Ce plan décennal d’investissement doit être validé par le schéma directeur d’urbanisme du Grand Bamako parce que c’est cet outil–là qui fait foi et qui a force de loi car il est adopté en Conseil des Ministres.
“Donc ces propositions seront remises au bureau d’études ou au consortium qui aura la charge d’élaborer ce schéma directeur d’urbanisme du Grand Bamako et ensuite va fixer toutes les fonctions y compris celles énumérées ci-dessus. On va s’inspirer de la démarche du Grand Bamako pour influer sur l’élaboration de la politique nationale urbaine du Mali, qui est a révisée maintenant parce qu’elle est devenue caduque depuis 2 ans”.
Au niveau de la ville de Bamako, il y a des réflexions en cours pour aller vers l’élaboration d’un plan climat.
“On est dans des réflexions, ce plan n’est pas encore disponible. Il y a eu des analyses et des mesures qui ont été prises. Nous avons des conclusions de ces analyses-là mais pour l’instant on est à ce niveau-là”.
-
Les limites de la planification urbaine au Mali
Il existe une panoplie de textes réglementaires non respectés à Bamako.

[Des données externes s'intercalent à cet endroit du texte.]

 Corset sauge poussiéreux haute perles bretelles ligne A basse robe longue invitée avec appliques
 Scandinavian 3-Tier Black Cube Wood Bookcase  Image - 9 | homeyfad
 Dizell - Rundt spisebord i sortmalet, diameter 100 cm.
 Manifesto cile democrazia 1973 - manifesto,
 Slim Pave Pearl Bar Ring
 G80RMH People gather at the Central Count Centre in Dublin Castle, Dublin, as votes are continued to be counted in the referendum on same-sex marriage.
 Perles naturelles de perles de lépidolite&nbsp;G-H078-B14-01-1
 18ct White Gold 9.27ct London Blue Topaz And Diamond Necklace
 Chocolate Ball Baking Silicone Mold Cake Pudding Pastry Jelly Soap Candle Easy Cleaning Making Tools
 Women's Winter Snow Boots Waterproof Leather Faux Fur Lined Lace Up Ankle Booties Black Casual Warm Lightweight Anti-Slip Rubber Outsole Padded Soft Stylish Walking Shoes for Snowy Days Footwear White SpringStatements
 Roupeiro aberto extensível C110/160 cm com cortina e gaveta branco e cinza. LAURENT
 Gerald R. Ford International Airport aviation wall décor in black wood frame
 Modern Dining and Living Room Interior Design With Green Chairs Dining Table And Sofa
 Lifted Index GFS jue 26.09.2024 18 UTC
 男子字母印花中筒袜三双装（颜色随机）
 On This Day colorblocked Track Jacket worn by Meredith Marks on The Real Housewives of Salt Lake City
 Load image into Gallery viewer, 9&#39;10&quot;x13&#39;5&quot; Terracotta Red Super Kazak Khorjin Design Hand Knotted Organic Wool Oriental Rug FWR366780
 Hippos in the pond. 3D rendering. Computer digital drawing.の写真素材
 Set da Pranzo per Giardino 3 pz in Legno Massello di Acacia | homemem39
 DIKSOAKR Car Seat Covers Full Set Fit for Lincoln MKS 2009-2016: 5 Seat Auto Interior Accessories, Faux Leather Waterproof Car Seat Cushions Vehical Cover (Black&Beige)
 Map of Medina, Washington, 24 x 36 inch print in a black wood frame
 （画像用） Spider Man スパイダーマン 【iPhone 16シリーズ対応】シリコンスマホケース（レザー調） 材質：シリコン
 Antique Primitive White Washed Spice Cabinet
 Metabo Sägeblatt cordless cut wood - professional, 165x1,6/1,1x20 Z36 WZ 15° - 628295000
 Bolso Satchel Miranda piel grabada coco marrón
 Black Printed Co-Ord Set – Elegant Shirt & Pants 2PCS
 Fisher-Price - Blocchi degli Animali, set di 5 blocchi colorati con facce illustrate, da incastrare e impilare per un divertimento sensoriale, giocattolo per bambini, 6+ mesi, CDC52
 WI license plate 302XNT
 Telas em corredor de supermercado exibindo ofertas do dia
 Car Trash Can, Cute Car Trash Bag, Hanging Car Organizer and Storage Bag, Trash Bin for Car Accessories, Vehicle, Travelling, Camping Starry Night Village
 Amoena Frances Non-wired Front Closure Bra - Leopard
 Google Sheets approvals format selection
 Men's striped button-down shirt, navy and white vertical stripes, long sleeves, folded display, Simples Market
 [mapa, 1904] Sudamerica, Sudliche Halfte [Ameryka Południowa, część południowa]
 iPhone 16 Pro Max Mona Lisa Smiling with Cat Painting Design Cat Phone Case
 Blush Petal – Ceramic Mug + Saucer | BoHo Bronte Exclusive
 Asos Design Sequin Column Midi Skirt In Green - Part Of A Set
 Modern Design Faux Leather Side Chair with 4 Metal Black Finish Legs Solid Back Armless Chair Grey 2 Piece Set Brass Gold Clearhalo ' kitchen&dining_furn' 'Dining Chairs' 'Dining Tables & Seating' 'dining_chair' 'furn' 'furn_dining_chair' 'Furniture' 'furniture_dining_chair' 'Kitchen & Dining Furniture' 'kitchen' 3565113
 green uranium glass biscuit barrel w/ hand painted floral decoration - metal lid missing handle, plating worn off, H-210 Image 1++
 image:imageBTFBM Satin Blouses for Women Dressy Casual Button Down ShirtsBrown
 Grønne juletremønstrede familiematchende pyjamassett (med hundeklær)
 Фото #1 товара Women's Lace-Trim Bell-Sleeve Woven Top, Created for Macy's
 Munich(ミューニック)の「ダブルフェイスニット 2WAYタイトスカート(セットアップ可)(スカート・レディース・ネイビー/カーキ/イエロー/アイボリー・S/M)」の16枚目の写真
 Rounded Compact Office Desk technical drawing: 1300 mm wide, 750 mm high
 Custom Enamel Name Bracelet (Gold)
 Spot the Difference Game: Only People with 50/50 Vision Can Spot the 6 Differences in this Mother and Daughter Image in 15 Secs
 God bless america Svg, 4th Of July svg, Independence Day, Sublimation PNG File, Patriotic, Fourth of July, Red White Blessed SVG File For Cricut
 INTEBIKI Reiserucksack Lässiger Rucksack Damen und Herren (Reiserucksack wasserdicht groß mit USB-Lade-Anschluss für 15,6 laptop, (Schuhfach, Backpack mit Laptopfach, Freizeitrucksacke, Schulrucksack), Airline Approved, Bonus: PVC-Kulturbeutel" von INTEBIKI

“Le premier exemple que je peux vous donner c’est qu’on a d’abord un schéma directeur d’urbanisme d’une ville mais à peine valider on fait tout à fait le contraire de ce qui est validé dans ce document-là”.
Ensuite se pose la question de la rémunération des élus locaux au Mali.
“Les élus locaux au Mali, ne sont pas rémunérés, il n’y a pas de salaire, c’est donc du travail bénévolat mais ils ont des primes de cession. Connaissant la demande sociale sur ces élus locaux et du fait que les élus veulent se faire distinguer, ils se donnent à des pratiques de lotissements pour pouvoir gagner de l’argent. Si on prévoit 5 hectares de logements dans le Schéma Directeur, ils y vont à 50 hectares au détriment des autres fonctions. Puisqu’il n’y a pas de suivi de l’État pour l’application des directives de ce schéma directeur d’urbanisme et bien ils y vont par tous les moyens. Finalement tout ce qui était réservé pour la forêt ou autres fonctions, est consacré à faire des parcelles habitables car c’est là que ça rapporte. On fait des lotissements, on vend, le maire empoche sa part”.